The downside to watching on TV is that I’m spending more time on the home page. This habit has also spilled over onto my laptop.
I’ve long had my YouTube bookmark set to lead me straight to my subscriptions page, where I would sift what I want to watch and add it to my Watch Later playlist. That playlist became my home for all my media needs. This worked flawlessly by allowing me to watch from my favourite creators while not falling into an uncontrollable crave for new videos.
At the moment, I still operate from my Watch Later playlist but the source of the videos has changed. Some still come from my subscription page, but an increasing amount is coming from our YouTube overlords. The TV app spits you straight onto the home page where the almighty algorithm tries its best to grab you with its hooks. And, well… I’ve definitely been grabbed. That sounded wrong 😂 but you get me. I end up scrolling the home page as I add videos to my main playlist along the way.

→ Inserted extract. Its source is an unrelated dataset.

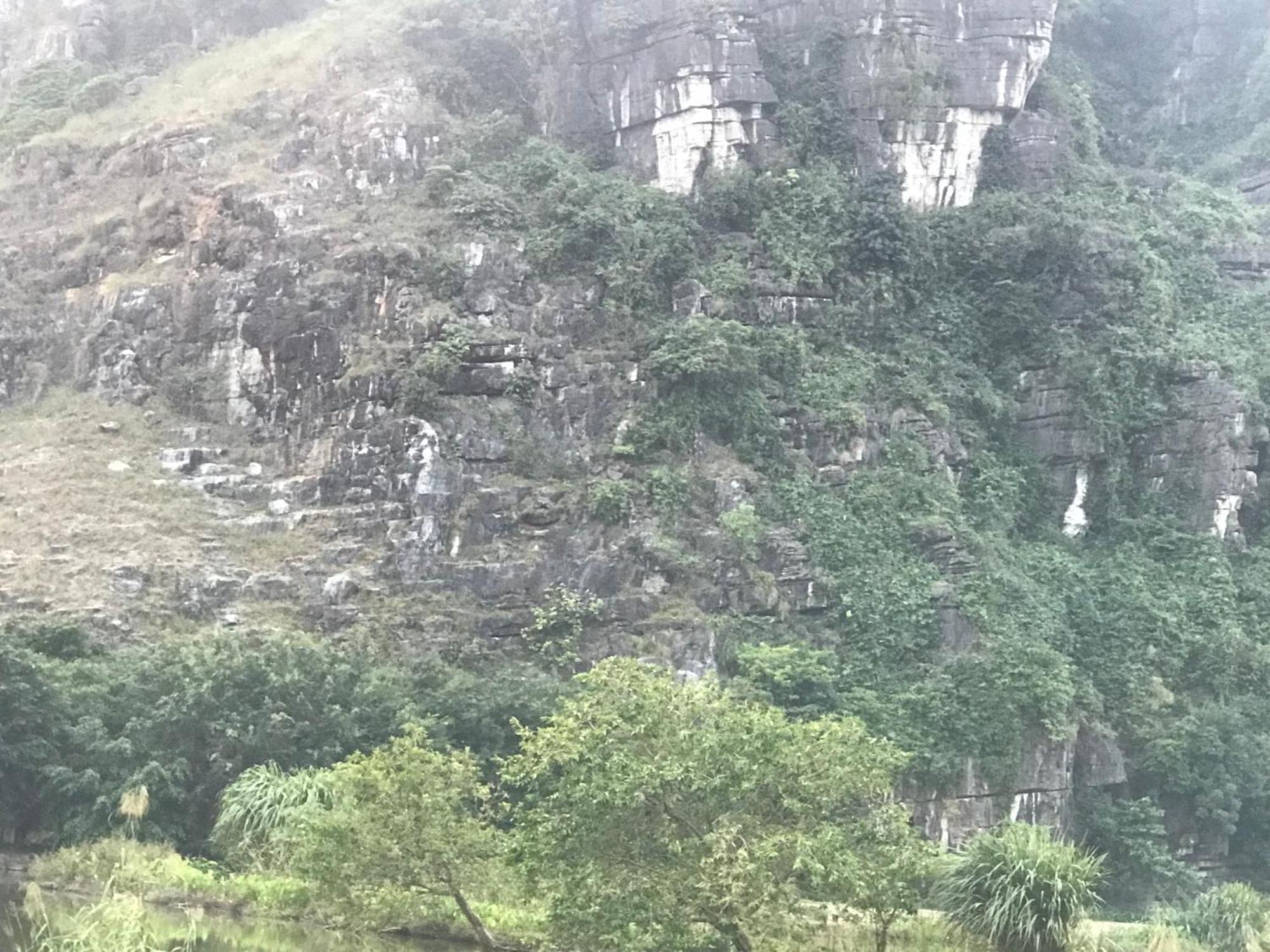 Retreat Capsule hotel Ninh Binh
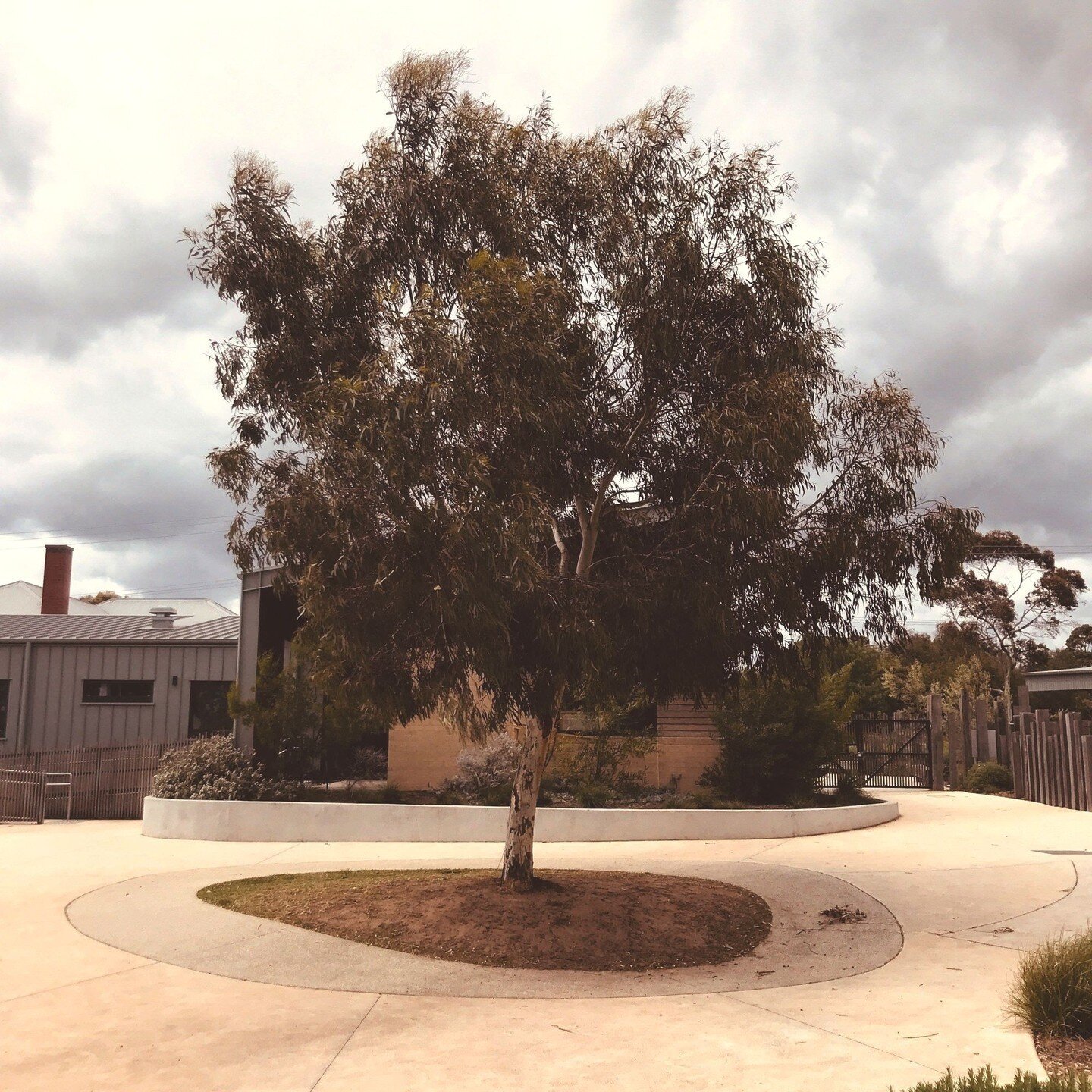 Beautiful landscaping elements from the original landscaping project at Mary Mackillop Primary School. Creates such a great space for students to play and immerse themselves in. I love it; shoutout to the crew who created this beautiful space.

Perhaps ironically, I came across this video earlier today and it does seem to address a part of this issue (it doesn’t solve landing on the YT home page – I might just have to learn to avoid/tolerate it). Lilla Björn Stationery recommends having a media journal. She writes down all the videos she wants to watch in a list and crosses them off one by one. She even went above and beyond to colour-code it depending on the type of video it is. It feels a little extreme to keep tabs of your media this way but that is not far from what I used to do a couple years back.
In high school, I used to have yearly notebooks where I’d jot down fun (questionable) stories, poems and other random things but there was always one constant in each notebook, a media section. Being in a boarding school with no access to mobile phones or internet, I would always write down what I wanted to research, watch and listen to at the back of my book. Once the school holiday began, I’d start with what was on my list before trying other things and the cycle would repeat itself in the next school term. That’s not too far from what the video suggests.
I’d be lying if I said I’d do that again but it does beg me to question my intentionality in media consumption. My system has worked for years, but it crumbles when I can’t avoid the home page. Perhaps I can embrace it by choosing to only add a video to my Watch Later playlist if it appears on the first screen that pops up instead of scrolling endlessly.
That way I can balance recommendations from the algorithm (which sometimes are golden), from friends and newsletters, and videos from my favourite creators. As a personal recommendation, check out Tom Scott’s weekly newsletter. He shares about three good videos every Monday, some links to interesting articles and a few of his own stuff.
Moral of the story: watch your YouTube habits. It’s the one social platform that pretends it isn’t one.
Anyway, go touch some grass and try some hobby.